Muc19 in whole-gland homogenates at postnatal days 3 through 56. Three separate sample preparations from each age group were run on 4–12% SDS-PAGE gels (50 μg wet weight of tissue/lane) and stained with Alcian blue followed by silver enhancement. (A) Image of the stained glycoproteins in each lane. Ages are given above the lanes. (B) Graph of the net mean pixel intensities in the lanes shown in A, expressed as mean ± SE for the triplicate values of each age group.

Figure 7

Evaluation of t-Smgc transcripts in 8-week-old mice. (A) Semi-quantitative comparison of Muc19 and t-Smgc transcripts in sublingual glands. Increasing amounts of random primed cDNA (x-axis) were probed by PCR (35 cycles) with primers to Smgc (exons 1 and 18) and the 3′ end of Muc19. Products were run on a 1.5% agarose gel (insert). Net mean pixel intensity of each band was determined and plotted versus the amount of input cDNA. Slopes of the lines (net mean pixel intensity/ng cDNA) are from linear regressions (r² > 0.98) and were 4.0 × 10⁵ (Muc19) and 1.8 × 10² (t-Smgc). (B) Sublingual gland t-Smgc transcripts are associated with poly(A⁺) RNA. Double-selected poly(A⁺) and poly(A⁻) RNA fractions and total RNA were added to reverse transcription reactions in the presence (+) and absence (−) of reverse transcriptase, then products were subjected to PCR with primers specific for Smgc. PCRs specific for Muc19 and 18S RNA serve as positive controls for poly(A⁺) and poly(A⁻) RNA selective transcripts, respectively. Results are representative of two independent experiments. (C) Transcripts for t-Smgc are not selectively localized to nuclei. Sublingual glands were fractionated into nuclei-containing and nuclei-free fractions. Random primed cDNA prepared from each fraction was PCR amplified with primers specific for t-Smgc. Results of three independent preparations are shown. (D) Transcripts for t-Smgc (823 bp product, upper panel) and Muc19 are readily detectable by PCR (35 cycles) in random primed cDNA (10 ng) from adult sublingual glands (SLG) but not in submandibular (SMG) or parotid glands.

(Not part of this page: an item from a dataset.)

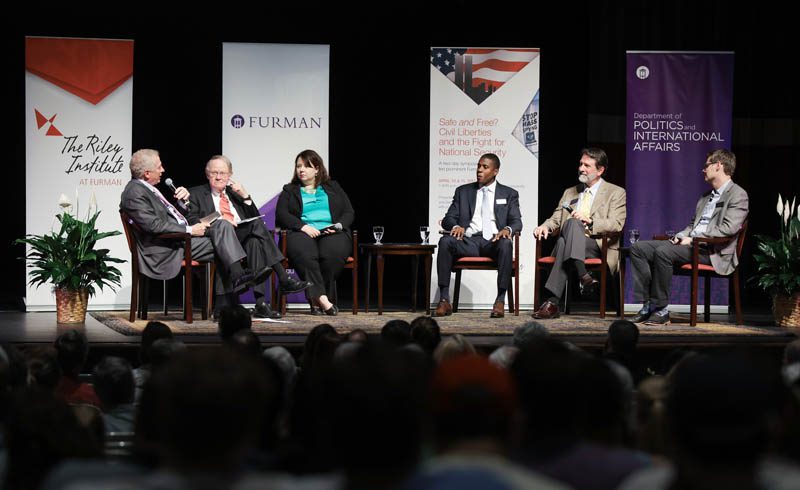 (l-r) David Shi, Mike McConnell, Jessica Taylor, Maurice Owens, Mike Roosevelt, and Eli Dourado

Left side of t-Smgc panel, mobilities of 1 kb ladder. Bottom panel, β-actin controls. See Materials and Methods for details.

Figure 8

Working model of key mechanisms controlling differential Muc19/Smgc gene expression in salivary mucous cells during cytodifferentiation and maturation. A simplified diagram of the gene (top) indicates exon 1 (shared by Smgc and Muc19 transcripts) and two boxes representing exons exclusively utilized either for Smgc (2–18) or for Muc19 (19–60) transcripts. Not drawn to scale. See text for details.